In March 2005, two social workers went to the family's apartment in Winnipeg to check on an anonymous tip that Phoenix was being abused. They talked to Kematch, who said she had simply yelled at the girl, and left without seeing Phoenix and closed her file.

The following month, the family moved to the Fisher River reserve and rented a bungalow from Angela Murdoch. Murdoch told the inquiry Thursday she rented the home to McKay and never asked whether there were kids in the house. She didn't even know of Phoenix's existence until the girl's body was discovered.

When Murdoch visited the home one time to collect rent, Kematch kept her outside.

"She wouldn't open up the door. Just a crack, she opened it up."

McKay visited the band office in April to apply for welfare, listing Phoenix and two other children as dependents, documents tabled at the inquiry show. Applicants normally have to bring their dependents with them when they apply, but it's not clear whether McKay did.

The worker who dealt directly with McKay has since died, and the woman who ran the band welfare program, Shirley Cochrane, testified Thursday that she could not remember whether McKay arrived with others.

The band issued welfare cheques to McKay between May and November of 2005 with Phoenix still listed as a dependent. Phoenix had in fact been dead for months by the time the last cheque was issued. Her death would go unnoticed until the following spring.

Phoenix had also dropped off the radar of relatives. In October 2005, Bear went to pick up McKay and the family for Thanksgiving dinner. McKay, Kematch and their infant girl got in Bear's vehicle, Bear told the inquiry. There was no sign of Phoenix and Bear did not ask about her.

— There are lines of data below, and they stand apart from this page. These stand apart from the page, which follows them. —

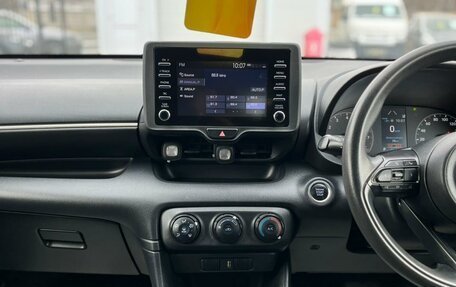 Toyota Yaris, 2020 год, 1 099 000 рублей, 20 фотография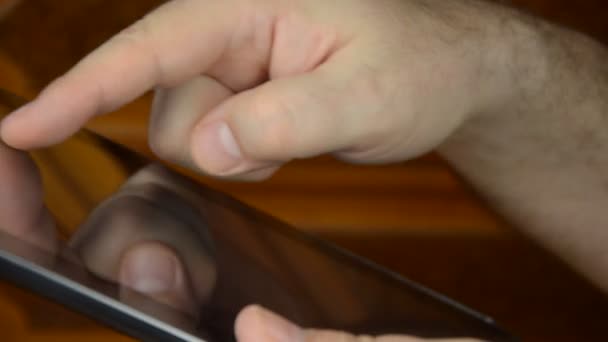 Γκρο Πλαν Ενός Tablet Και Επανδρώνει Χέρια Χρησιμοποιώντας — Αρχείο Βίντεο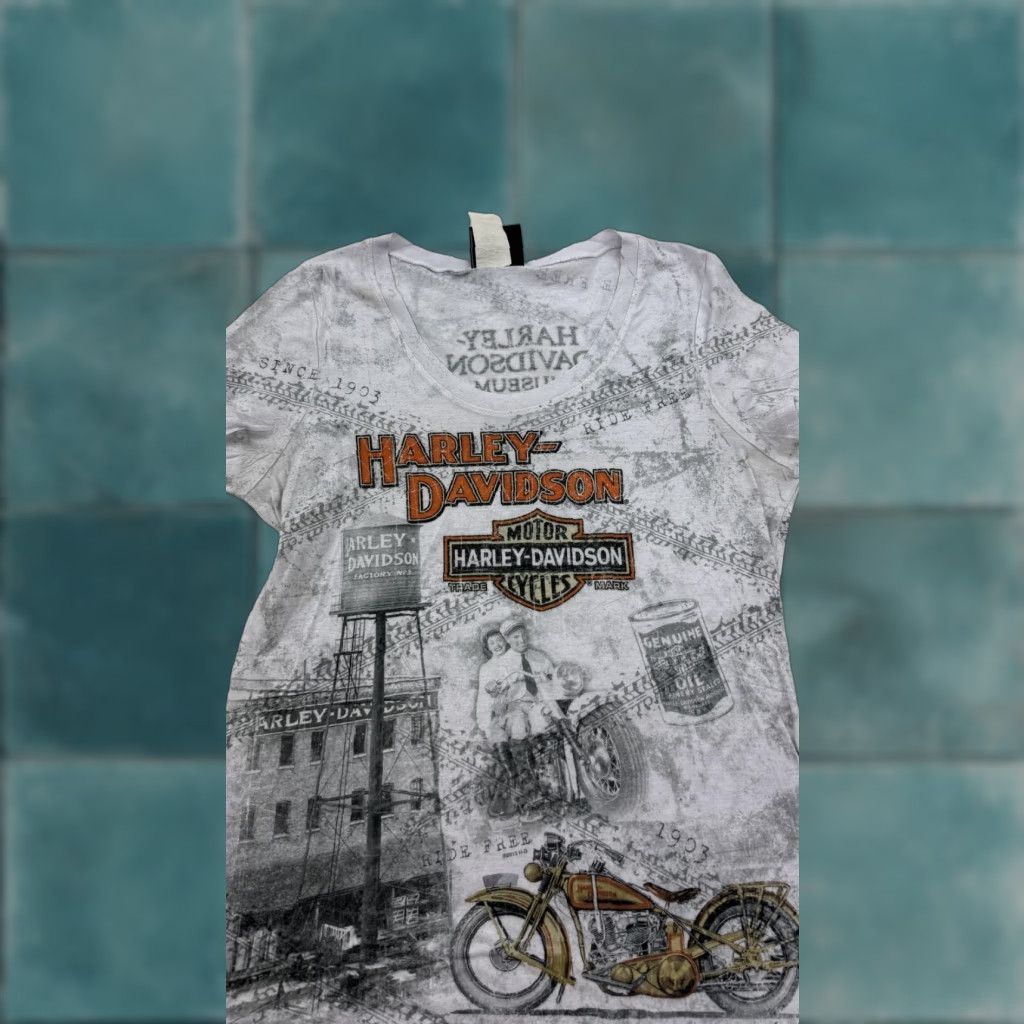 Harley Davidson VINTAGE Harley-Davidson Museum Shirt Womens XL Gray Graphic Motors Milwaukee 2013 Mens Womens Size XL / US 12-14 / IT 48-50 - 1 Thumbnail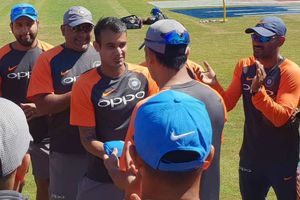 మైదానంలోకి డ్రింక్స్ మోసుకెళ్లిన ధోనీ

Later in October, McKay, Kematch and their baby moved in with Bear and her husband. Phoenix was nowhere to be seen and Bear said her name never came up in conversation.

By that time, Phoenix's battered body was lying in a makeshift grave near the Fisher River dump. McKay was sullen and depressed, Bear said, while Kematch seemed happy and very attentive to her baby.

"She would play with her baby. When she wanted to go have a smoke, she would go and put the baby in the bedroom, and when she'd done her smoke, she'd go get the baby out and play with her," Bear said.

Another relative of McKay's -- a second cousin named Darlene Garson -- testified Thursday she asked McKay and Kematch about Phoenix at some point in 2005. She could not remember exactly when.

"I asked (McKay) 'where's your stepdaughter, Phoenix?, and he just said, 'I sent her off with her granny."'

"How did they act when you got that information?," asked Kathleen McCandless, one of the lawyers leading the inquiry.

"They just started laughing," Garson replied.

"Did you ask any more questions after that?," McCandless asked

"No."

Phoenix's death would remain undiscovered until the following spring, when a relative called police. When confronted by a social worker, Kematch tried to pass off a friend's daughter as Phoenix. The ruse did not work and Kematch and McKay were arrested.

The couple were convicted of first-degree murder in 2008 and are serving life sentences.